A generational dimension adds nuance to the findings. Younger executives (ages 25 to 44) use AI more heavily — 82% use three or more AI tools for decision-making, compared to 69% of more experienced peers — but are also more exposed: 51% report making a material decision on faulty data vs. 39% of older leaders. They are also more than four times as likely to report significant financial or compliance impacts as a result (17% vs. 4%).
Most finance leaders say tax compliance mandates are outpacing their ability to manage them
More than half of senior finance executives (58%) describe domestic and global tax compliance mandates as complex for their organizations, and 44% say regulations are changing too quickly to manage effectively, according to a new survey by Sovos, a tax compliance software company. The survey of 300 finance leaders at companies with revenues of $500 million or more — conducted across financial services, manufacturing and retail — found that compliance is increasingly constraining broader business strategy.

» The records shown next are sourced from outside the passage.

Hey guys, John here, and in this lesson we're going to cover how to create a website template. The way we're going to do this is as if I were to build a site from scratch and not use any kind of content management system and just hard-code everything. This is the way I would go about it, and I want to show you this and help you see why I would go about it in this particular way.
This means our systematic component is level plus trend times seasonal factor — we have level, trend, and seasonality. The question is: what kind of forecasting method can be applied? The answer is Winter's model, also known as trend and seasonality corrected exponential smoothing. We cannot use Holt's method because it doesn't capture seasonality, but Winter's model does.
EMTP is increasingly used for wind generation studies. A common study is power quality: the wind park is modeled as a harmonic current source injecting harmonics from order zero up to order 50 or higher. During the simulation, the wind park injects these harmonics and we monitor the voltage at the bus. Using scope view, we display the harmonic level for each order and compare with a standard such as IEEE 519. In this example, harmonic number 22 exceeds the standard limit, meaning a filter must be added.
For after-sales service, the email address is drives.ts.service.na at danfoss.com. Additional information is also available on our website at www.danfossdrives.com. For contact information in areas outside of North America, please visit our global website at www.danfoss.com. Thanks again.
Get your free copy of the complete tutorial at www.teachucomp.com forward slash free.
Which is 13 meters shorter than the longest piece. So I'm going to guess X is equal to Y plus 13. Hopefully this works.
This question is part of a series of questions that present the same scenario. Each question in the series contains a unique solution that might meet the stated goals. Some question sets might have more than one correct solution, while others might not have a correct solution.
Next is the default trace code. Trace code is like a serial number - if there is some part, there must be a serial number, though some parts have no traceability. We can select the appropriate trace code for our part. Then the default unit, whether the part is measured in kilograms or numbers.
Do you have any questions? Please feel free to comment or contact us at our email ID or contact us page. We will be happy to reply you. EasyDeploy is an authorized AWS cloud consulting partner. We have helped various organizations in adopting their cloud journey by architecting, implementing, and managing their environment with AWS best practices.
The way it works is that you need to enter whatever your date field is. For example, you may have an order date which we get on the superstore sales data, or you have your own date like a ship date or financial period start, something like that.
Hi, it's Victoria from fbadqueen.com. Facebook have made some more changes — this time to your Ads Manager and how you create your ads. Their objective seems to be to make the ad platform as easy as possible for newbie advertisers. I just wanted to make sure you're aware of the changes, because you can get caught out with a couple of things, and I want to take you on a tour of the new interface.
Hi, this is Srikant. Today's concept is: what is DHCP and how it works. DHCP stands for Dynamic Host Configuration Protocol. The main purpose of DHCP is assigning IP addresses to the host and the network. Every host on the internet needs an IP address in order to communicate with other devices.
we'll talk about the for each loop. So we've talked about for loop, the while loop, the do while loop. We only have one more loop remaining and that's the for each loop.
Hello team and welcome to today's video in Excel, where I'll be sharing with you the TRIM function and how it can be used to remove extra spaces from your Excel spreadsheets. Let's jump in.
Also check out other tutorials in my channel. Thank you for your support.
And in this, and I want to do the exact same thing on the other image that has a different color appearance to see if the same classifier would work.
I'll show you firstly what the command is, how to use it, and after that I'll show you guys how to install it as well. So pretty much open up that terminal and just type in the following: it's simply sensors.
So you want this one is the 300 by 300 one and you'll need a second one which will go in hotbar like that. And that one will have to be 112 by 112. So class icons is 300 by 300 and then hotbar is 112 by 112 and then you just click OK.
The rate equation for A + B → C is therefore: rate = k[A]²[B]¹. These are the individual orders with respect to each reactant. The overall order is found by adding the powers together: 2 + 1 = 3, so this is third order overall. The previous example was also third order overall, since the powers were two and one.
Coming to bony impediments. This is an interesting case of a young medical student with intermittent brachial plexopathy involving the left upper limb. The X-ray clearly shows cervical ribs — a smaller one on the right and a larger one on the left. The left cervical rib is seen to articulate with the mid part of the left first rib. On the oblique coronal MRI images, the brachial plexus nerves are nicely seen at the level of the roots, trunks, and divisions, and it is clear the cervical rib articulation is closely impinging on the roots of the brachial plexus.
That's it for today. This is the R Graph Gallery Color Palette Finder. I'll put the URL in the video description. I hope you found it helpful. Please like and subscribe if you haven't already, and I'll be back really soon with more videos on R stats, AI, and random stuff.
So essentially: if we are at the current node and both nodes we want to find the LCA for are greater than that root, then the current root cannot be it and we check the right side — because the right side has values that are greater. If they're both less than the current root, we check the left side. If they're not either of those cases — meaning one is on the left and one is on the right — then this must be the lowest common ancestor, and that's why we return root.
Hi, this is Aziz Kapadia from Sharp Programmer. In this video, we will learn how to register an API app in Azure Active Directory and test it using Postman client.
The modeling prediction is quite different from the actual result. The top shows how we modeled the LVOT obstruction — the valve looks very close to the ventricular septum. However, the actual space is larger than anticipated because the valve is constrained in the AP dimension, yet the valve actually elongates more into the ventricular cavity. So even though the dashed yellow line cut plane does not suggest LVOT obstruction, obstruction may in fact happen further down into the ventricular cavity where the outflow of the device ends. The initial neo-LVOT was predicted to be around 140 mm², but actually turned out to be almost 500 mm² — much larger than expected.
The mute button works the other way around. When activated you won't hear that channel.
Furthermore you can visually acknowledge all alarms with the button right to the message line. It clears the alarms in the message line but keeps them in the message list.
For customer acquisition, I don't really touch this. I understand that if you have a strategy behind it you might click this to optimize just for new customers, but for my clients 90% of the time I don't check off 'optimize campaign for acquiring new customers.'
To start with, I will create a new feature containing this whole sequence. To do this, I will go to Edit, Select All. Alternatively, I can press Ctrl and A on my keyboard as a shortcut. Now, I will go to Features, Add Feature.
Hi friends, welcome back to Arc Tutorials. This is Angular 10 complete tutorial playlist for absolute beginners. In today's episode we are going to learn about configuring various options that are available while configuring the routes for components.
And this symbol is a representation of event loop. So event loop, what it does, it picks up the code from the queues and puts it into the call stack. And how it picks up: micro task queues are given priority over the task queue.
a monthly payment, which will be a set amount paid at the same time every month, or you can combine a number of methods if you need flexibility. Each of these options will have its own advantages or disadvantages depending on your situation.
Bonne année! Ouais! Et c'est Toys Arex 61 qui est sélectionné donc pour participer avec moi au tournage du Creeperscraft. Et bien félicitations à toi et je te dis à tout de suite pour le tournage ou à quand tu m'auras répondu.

Regulatory velocity is a defining concern: 61% of respondents identified the pace of new government mandates as the biggest compliance risk over the next two to three years, ahead of increasing complexity of global operations (56%) and rising costs of compliance technology and staffing (42%). Three-quarters of respondents (75%) say compliance limitations prevent their organizations from being more strategic in business decisions, including geographic expansion and new product launches.
AI is emerging as a potential tool, but anxiety accompanies it. Nearly 40% of respondents plan to evaluate or implement AI-driven tax compliance tools in the next fiscal year. Yet 86% said they are extremely or very concerned about data security with AI-enhanced compliance solutions.